The legal basis of legitimate interest: focus sheet on the measures to implement in the case of data collection by web scraping

05 January 2026

The collection of data accessible online via web scraping must be accompanied by measures aimed at safeguarding the rights of the data subjects.

This content is a courtesy translation of the original publication in French. In the event of any inconsistencies between the French version and this English translation, please note that the French version shall prevail.

The collection of personal data available online through web scraping is generally based on legitimate interest. The controller must implement additional measures to mitigate the impact this may have on individuals’ interests, rights, and freedoms.

Reminder on the doctrine of the CNIL

The scraping of publicly accessible online data has significantly expanded, particularly with the rapid and widespread growth of generative AI systems, which rely on vast amounts of freely accessible online data. However, there are inherent risks associated with the use of such techniques for data subjects’ rights and freedoms, as individuals have little control over how their publicly available data is reused.
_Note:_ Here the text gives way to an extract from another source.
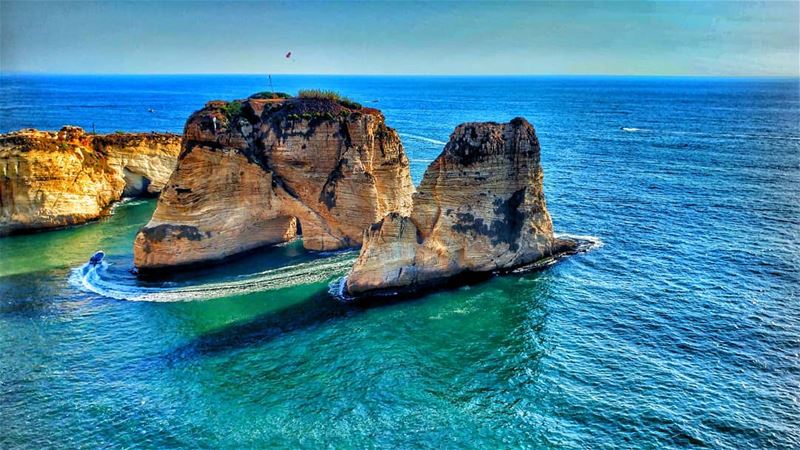 قومي من تحت الموج الأزرق، يا عشتار قومي كقصيدة ورد.. أو قومي كقصيدة نار لا... (Beirut- Al Rawsheh)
The widespread use of web scraping has fundamentally changed the nature of internet use, in that all data published online by an individual can now potentially be read, collected, and reused by third parties. This can pose significant risks for individuals, including the following:

Risks to privacy and rights guaranteed by the GDPR: the use of such tools can have major impacts on data subjects, due to the large volume of data collected, the high number of individuals concerned, the challenges of exercising the right to erasure, and the risk of collecting data relating to data subjects’ private lives (e.g., through the use of social networks), or even sensitive or highly personal data, without sufficient safeguards. These risks are even more serious when they involve data concerning vulnerable individuals, such as minors, who require special attention and appropriately tailored information.
Risks of carrying out unlawful data collection: certain data may be protected by specific rights, such as intellectual property rights, or their reuse may be subject to the consent of the data subjects.
Risks of undermining freedom of expression: the indiscriminate and large-scale data collection, and their possible memorization into AI systemsmay undermine data subjects’ freedom of expression (e.g. a chilling effect due to a perceived sense of surveillance, which could lead internet users to self-censor — especially considering the difficulty of avoiding web scraping), even though the use of certain platforms and communication tools is essential in daily life.

However, data scraping is not prohibited per se, but must be analysed on a case-by-case basis.

Nevertheless, the CNIL has regularly called for vigilance regarding these practices and issued a series of recommendations to be respected in order to carry them out. The CNIL has also advocated for the creation of an ad hoc legislative framework (see, in particular, the CNIL opinion of December 15, 2022 on the “Polygraphe” project, in French)

In some cases, the CNIL has deemed such practices prohibited in the absence of a legal framework (in particular where processing operations are carried out by competent authorities for the purpose of detecting infringements). Conversely, they have been accepted in other cases, provided that stringent safeguards were implemented, for example for searching the internet for information leaks (RIFI).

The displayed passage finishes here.